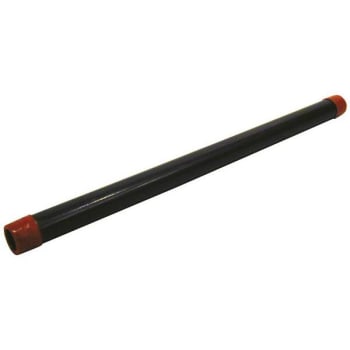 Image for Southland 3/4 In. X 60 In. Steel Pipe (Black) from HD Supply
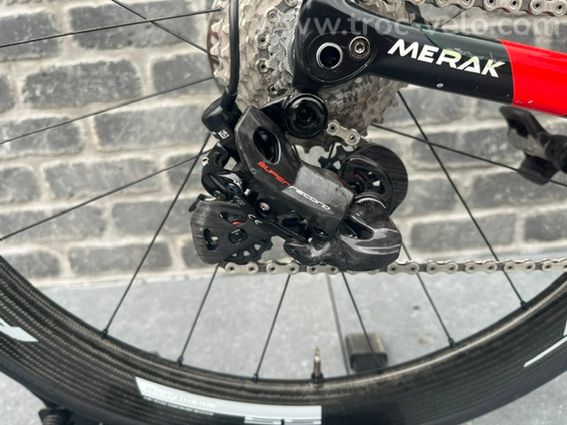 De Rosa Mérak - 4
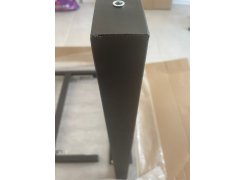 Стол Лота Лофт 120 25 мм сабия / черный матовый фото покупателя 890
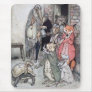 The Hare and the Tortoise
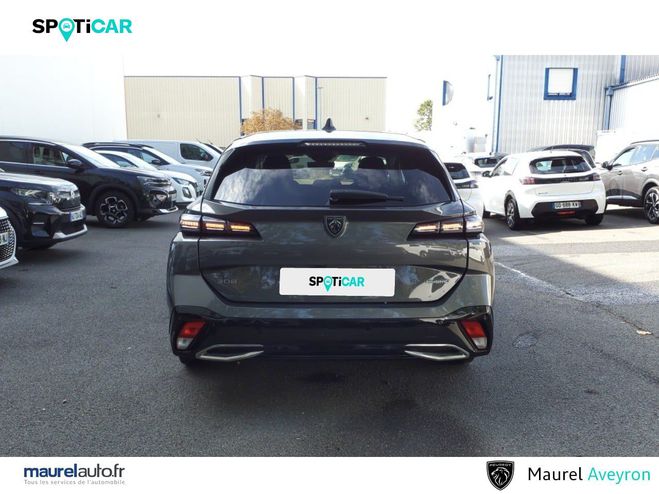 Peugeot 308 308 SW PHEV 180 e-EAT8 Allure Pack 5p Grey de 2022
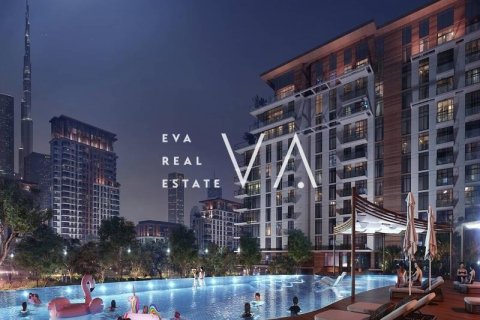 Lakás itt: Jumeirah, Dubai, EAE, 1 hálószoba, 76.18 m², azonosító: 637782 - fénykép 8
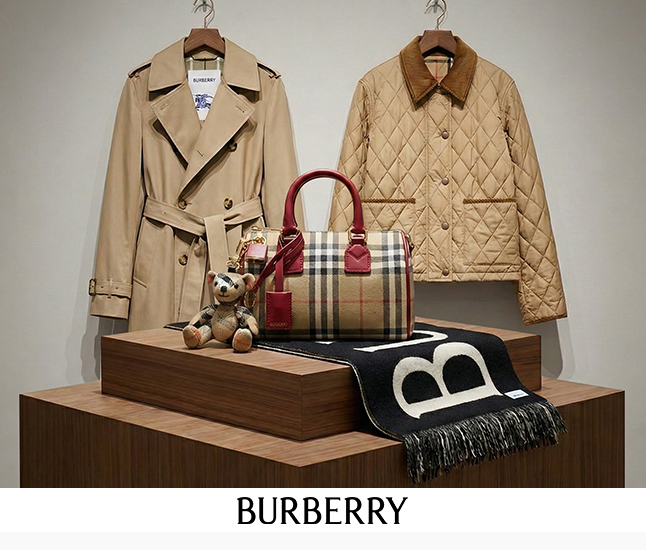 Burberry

+===+

TRY IT
With the pictures left out, copy exactly the lines from the line holding "The Hare and the Tortoise" through the final line of the records, including both.

ANSWER TO THIS EXERCISE
 The Hare and the Tortoise
 Peugeot 308 308 SW PHEV 180 e-EAT8 Allure Pack 5p Grey de 2022
 Lakás itt: Jumeirah, Dubai, EAE, 1 hálószoba, 76.18 m², azonosító: 637782 - fénykép 8
 Burberry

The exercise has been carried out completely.